::: EXTRACTED ENTRIES :::

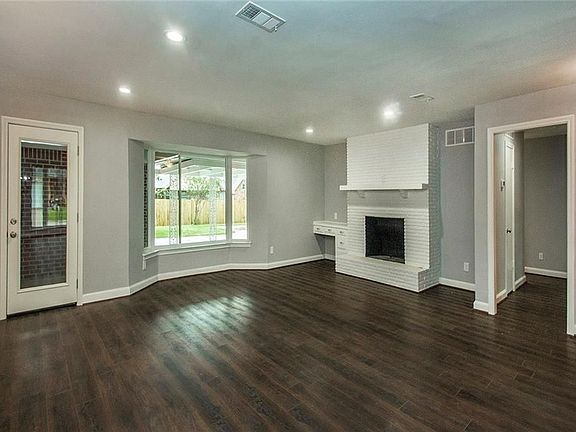 4th image of 1723 E 15th St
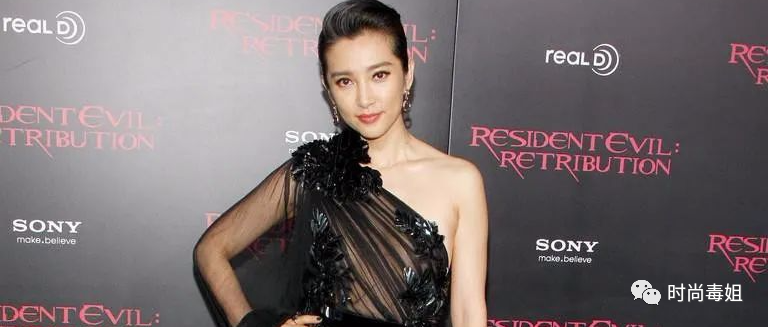 李冰冰真敢穿，透视纱裙惊艳全场，网友：都不好意思看了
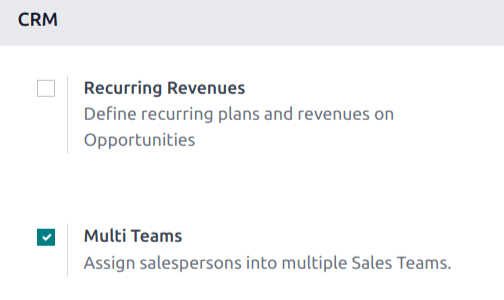 La pagina delle impostazioni dell'app CRM con l'impostazione Team multipli attiva.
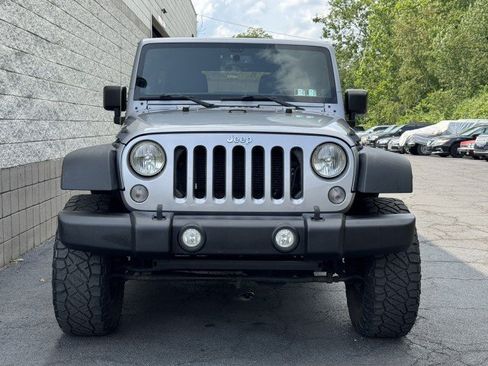 Used 2014 Jeep Wrangler Unlimited Sport w/ Quick Order Package 24S AWD/4WD image 10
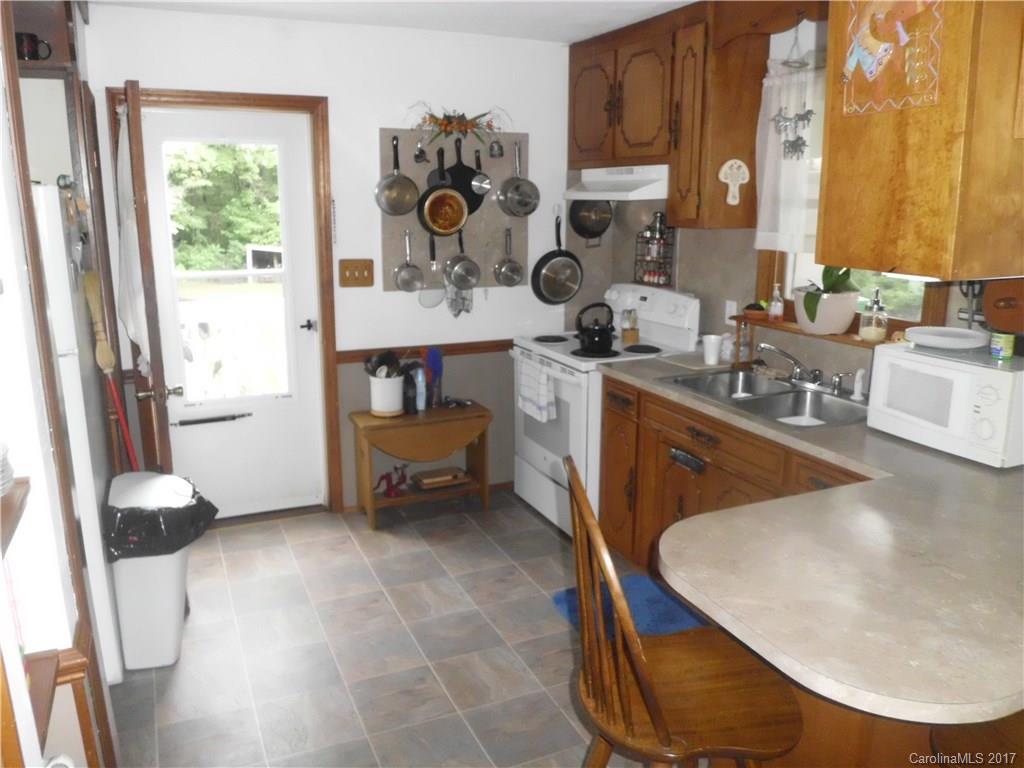 844 Rolling Road Lincolnton, NC 28092 - Photo 8 of 18 Gallery Image 8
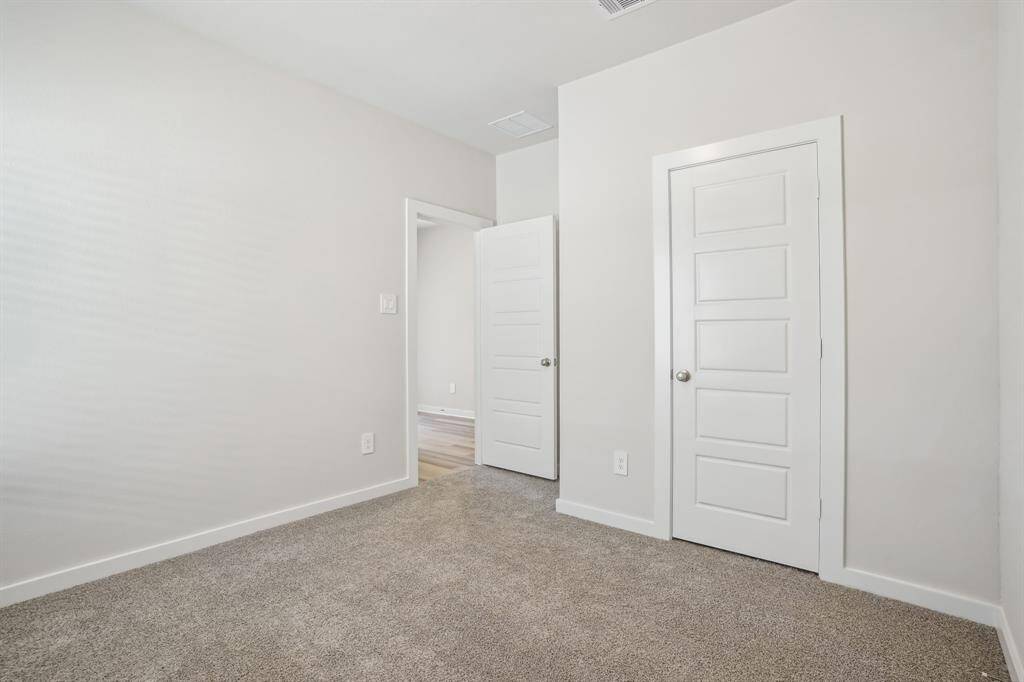 Photo is not of the actual home but is an inspirational photo of builder’s model home and may depict options, furnishings, and/or decorator features that are not included.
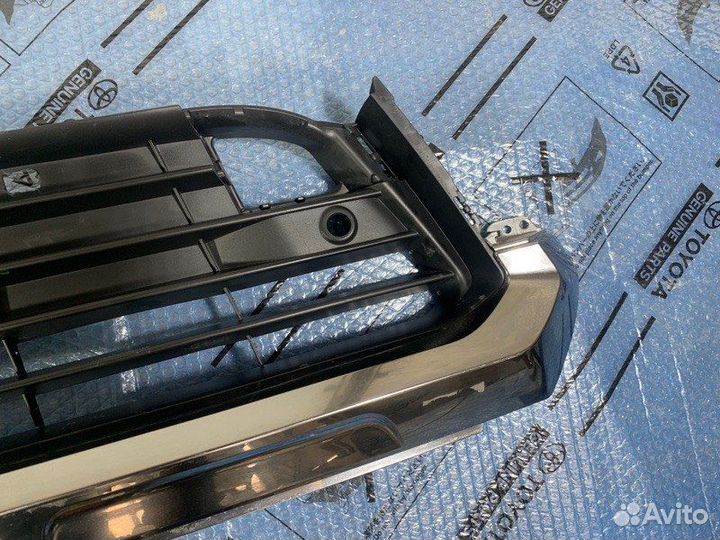 Решетка в бампер Lexus Rx4 2015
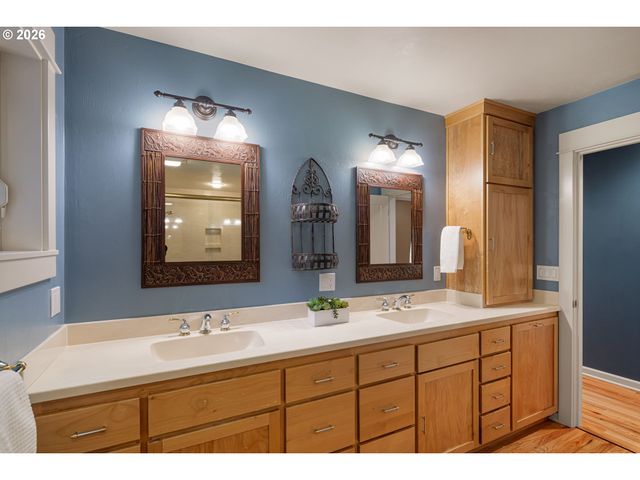 1949 GRAHAM Dr, Eugene, OR 97405
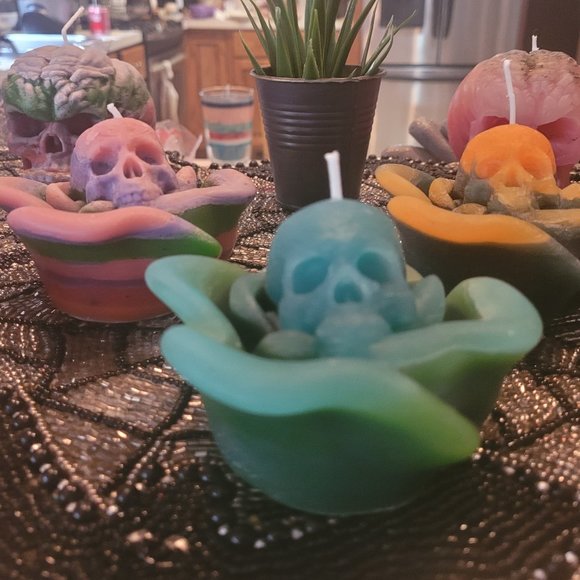 Skull candles - Picture 1 of 3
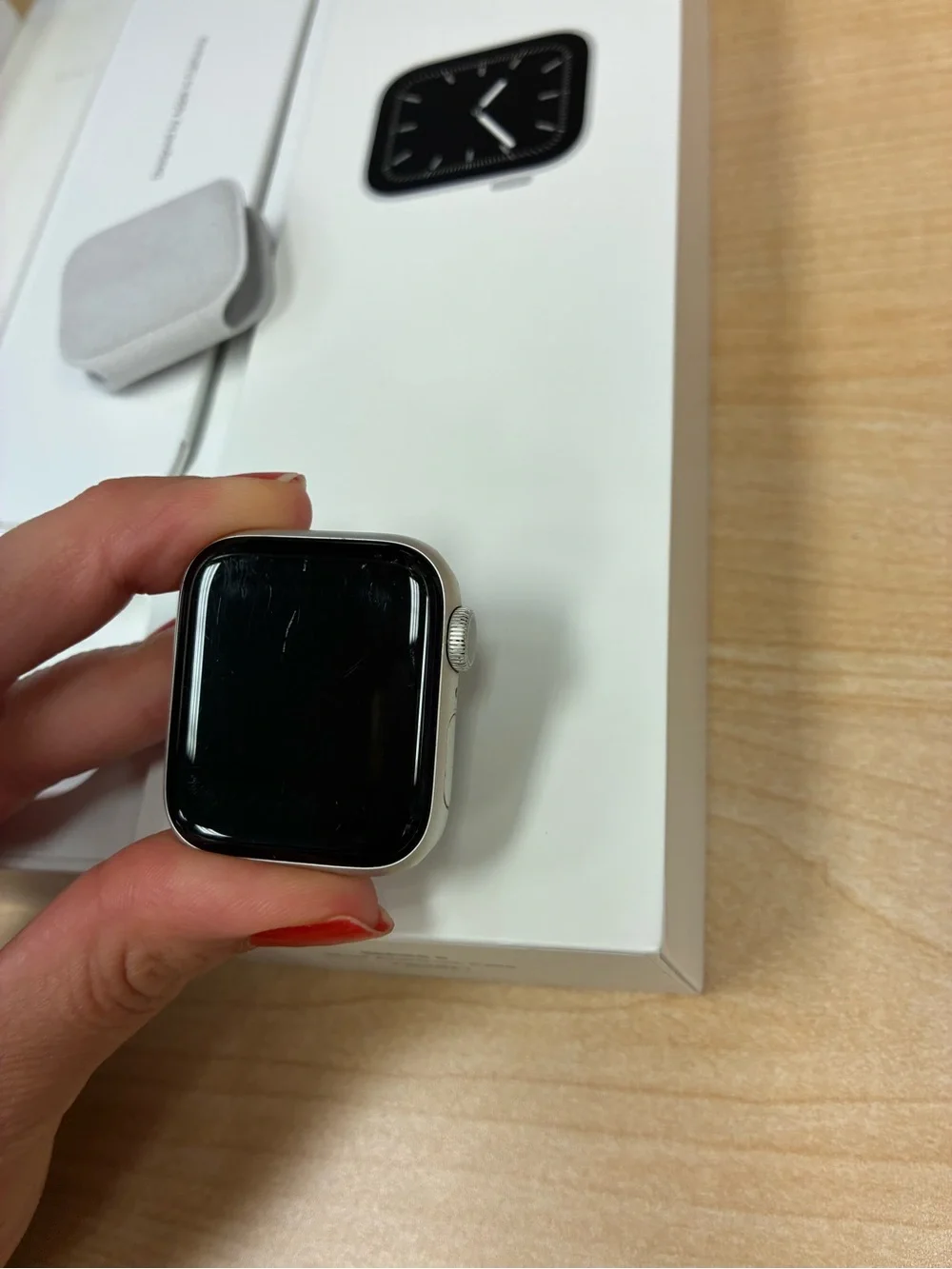 Apple Silver Smartwatch Case with Black Display series 5 40 mm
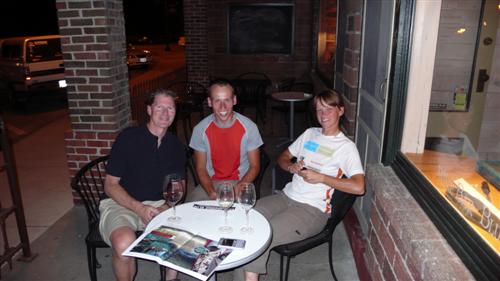 In gemuetlicher Runde mit David und Deirdre (die das Foto gemacht hat)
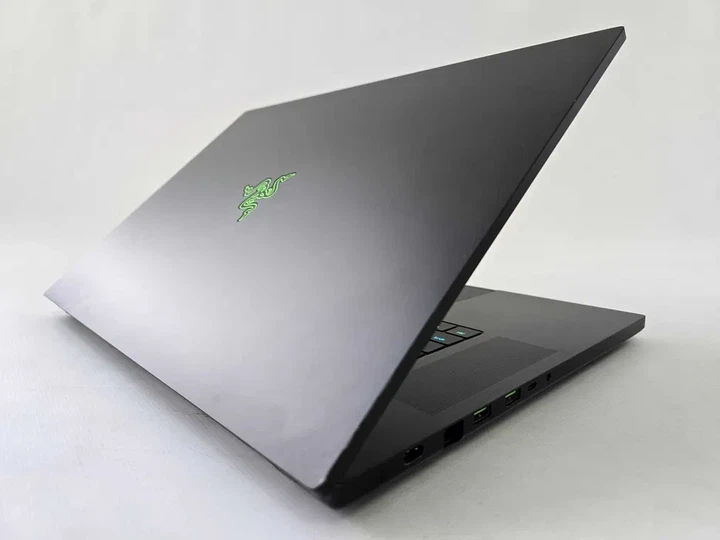 Ноутбук Razer Blade 18 (2023) i9 13950HX/RTX 4090/RAM 32GB/SSD 1TB Б\В - изображение 7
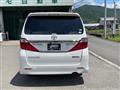 2014 Toyota Alphard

:::

DIRECTIONS FOR THIS TASK >>
Please transcribe, word for word, every line from the first line of the records above through the line containing "844 Rolling Road", and leave out any pictures.

ANSWER BOX >>
 4th image of 1723 E 15th St
 李冰冰真敢穿，透视纱裙惊艳全场，网友：都不好意思看了
 La pagina delle impostazioni dell'app CRM con l'impostazione Team multipli attiva.
 Used 2014 Jeep Wrangler Unlimited Sport w/ Quick Order Package 24S AWD/4WD image 10
 844 Rolling Road Lincolnton, NC 28092 - Photo 8 of 18 Gallery Image 8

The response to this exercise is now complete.